Fellow-citizens, I am disappointed. The accession of the Democratic party to power has not been followed by the results I expected. When the tiger has quenched his thirst in blood, and when the anaconda has swallowed his prey, they cease to pursue their trembling game and sink to rest; so I thought when the Democratic party came into power, when the solid South gave law to the land, when there could no longer be any pretence for the fear of negro ascendency in the councils of the nation, persecution, violence, and murder would cease, and the negro would be left in peace; but the bloody scenes at Carrollton, and the daily reports of lynch law in the South, have destroyed this cherished hope and told me that the end of our sufferings is not yet.

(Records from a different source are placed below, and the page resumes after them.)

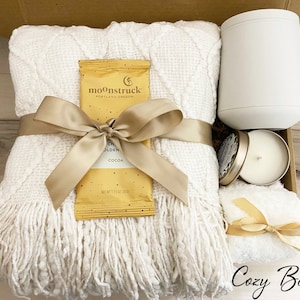 Cozy Home Gifts Eco-friendly Housewarming Gift New Homeowner Gift Basket  Realtor Closing Gift Box New Home Gift Box -  Denmark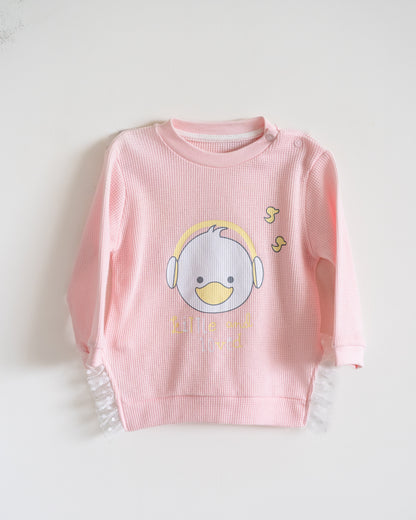 The Little Quacker Outfit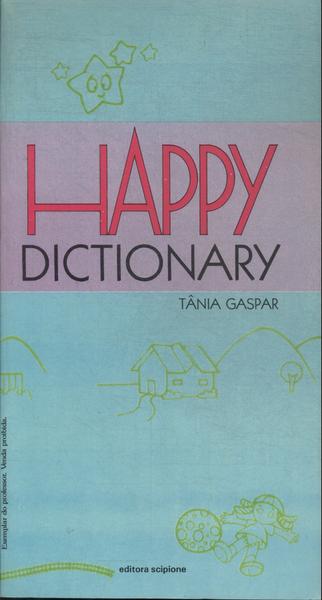 Happy Dictionary (1992)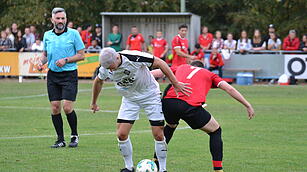 SSV Kitzingen - Bayern Kitzingen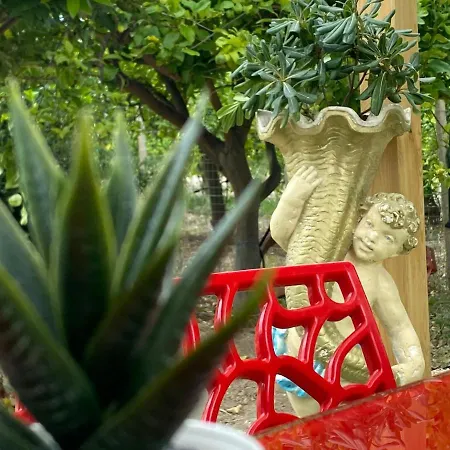 Casa Vacanze Vannuzza * Noto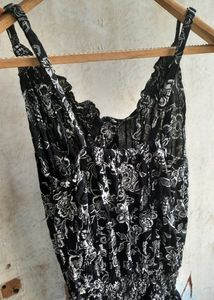 Short Jumpsuit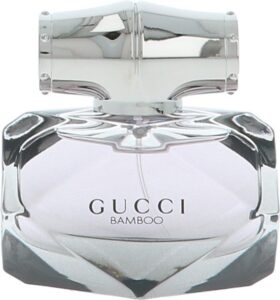 Gucci Bamboo 30 Ml   Eau De Parfum   Womens Perfume - Afbeelding 10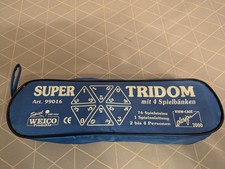 SUPER TRIDOM - WEICO - 99016 -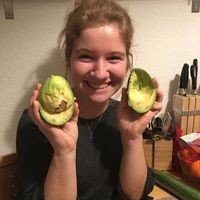 Fotos von Clara Kauffmann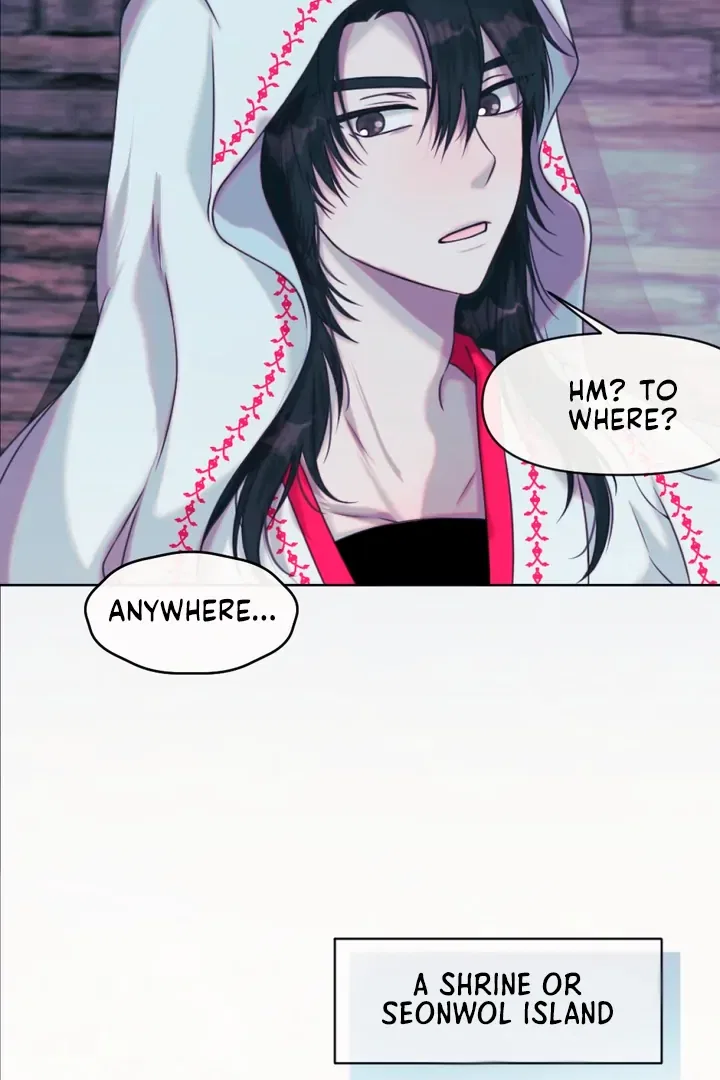 The Baby Dragon and the Rabbit Spirit Chapter 45 – Page 6
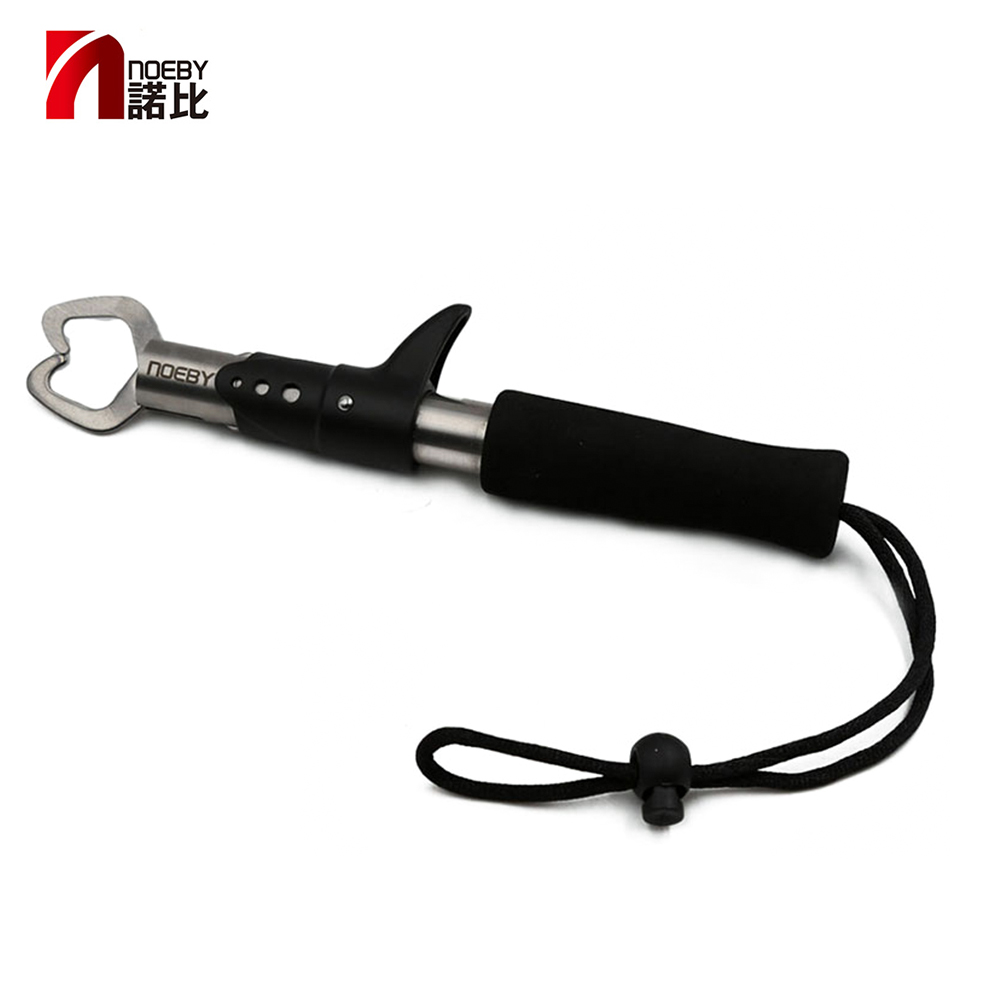 Fishing Hook Sharpener - Noeby-Pense için Olta Takımı, Havacılık Alüminyum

But, fellow-citizens, I do not despair, and no power that I know of can make me despair of the ultimate triumph of justice and liberty in this country. I have seen too many abuses outgrown, too many evils removed, too many moral and physical improvements made, to doubt that the wheels of progress will still roll on. We have but to toil and trust, throw away whiskey and tobacco, improve the opportunities that we have, put away all extravagance, learn to live within our means, lay up our earnings, educate our children, live industrious and virtuous lives, establish a character for sobriety, punctuality, and general uprightness, and we shall raise up powerful friends who shall stand by us in our struggle for an equal chance in the race of life. The white people of this country are asleep, but not dead. In other days we had a potent voice in the Senate which awoke the nation.

Ireland now has an advocate in the British Senate who has arrested the eye and ear of the civilized world in championing the cause of Ireland. There is to-day in the American Senate an opportunity for an American Gladstone; one whose voice shall have power to awake this nation to the stupendous wrongs inflicted upon our newly-made citizens and move the Government to a vindication of our constitutional rights. We have in other days had a Sumner, a Wilson, a Chase, a Conkling, a Thaddeus Stevens, and a Morton. These did not exhaust the justice and humanity of American statesmanship. There is heart and eloquence still left in the councils of the nation, and these will, I trust, yet make themselves potent in having both the Constitution of 1789 and the Constitution with the fourteenth and fifteenth amendments made practically the law of the land for all the people thereof.